### WORK REQUIRED
Exactly the lines below starting at the line with "Laveta microfibra profesionala" and ending at the line with "Fitbit Ace 2" are wanted, with both ends included. Leave out the pictures and add no other lines.

### RECORDS SHOWN
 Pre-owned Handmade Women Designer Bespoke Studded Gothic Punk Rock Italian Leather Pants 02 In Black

---

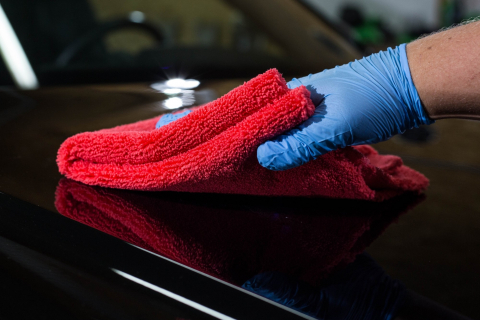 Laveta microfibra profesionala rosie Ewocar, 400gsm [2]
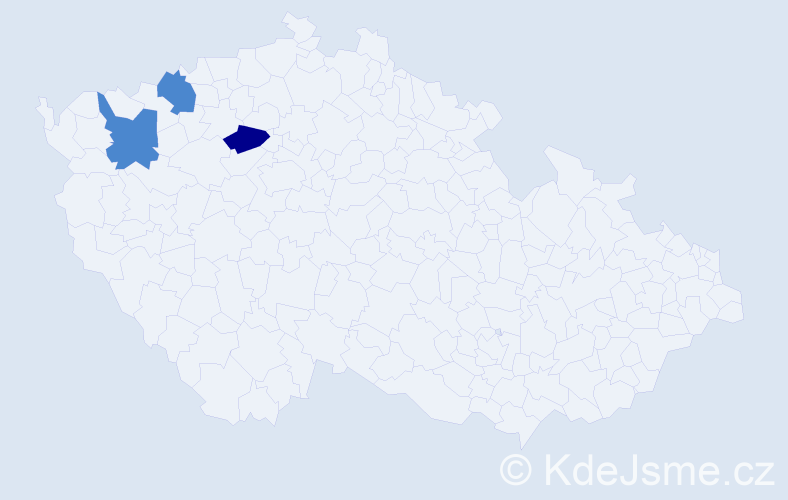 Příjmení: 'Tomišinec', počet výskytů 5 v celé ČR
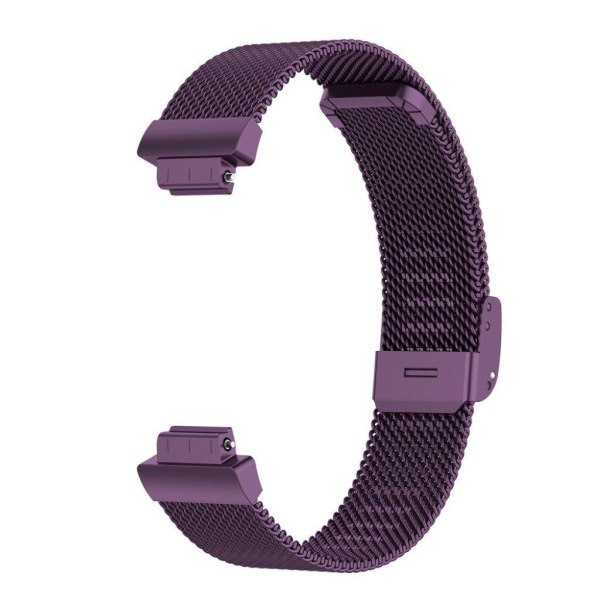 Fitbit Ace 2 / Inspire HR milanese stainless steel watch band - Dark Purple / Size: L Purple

### WRITTEN RESPONSE
 Laveta microfibra profesionala rosie Ewocar, 400gsm [2]
 Příjmení: 'Tomišinec', počet výskytů 5 v celé ČR
 Fitbit Ace 2 / Inspire HR milanese stainless steel watch band - Dark Purple / Size: L Purple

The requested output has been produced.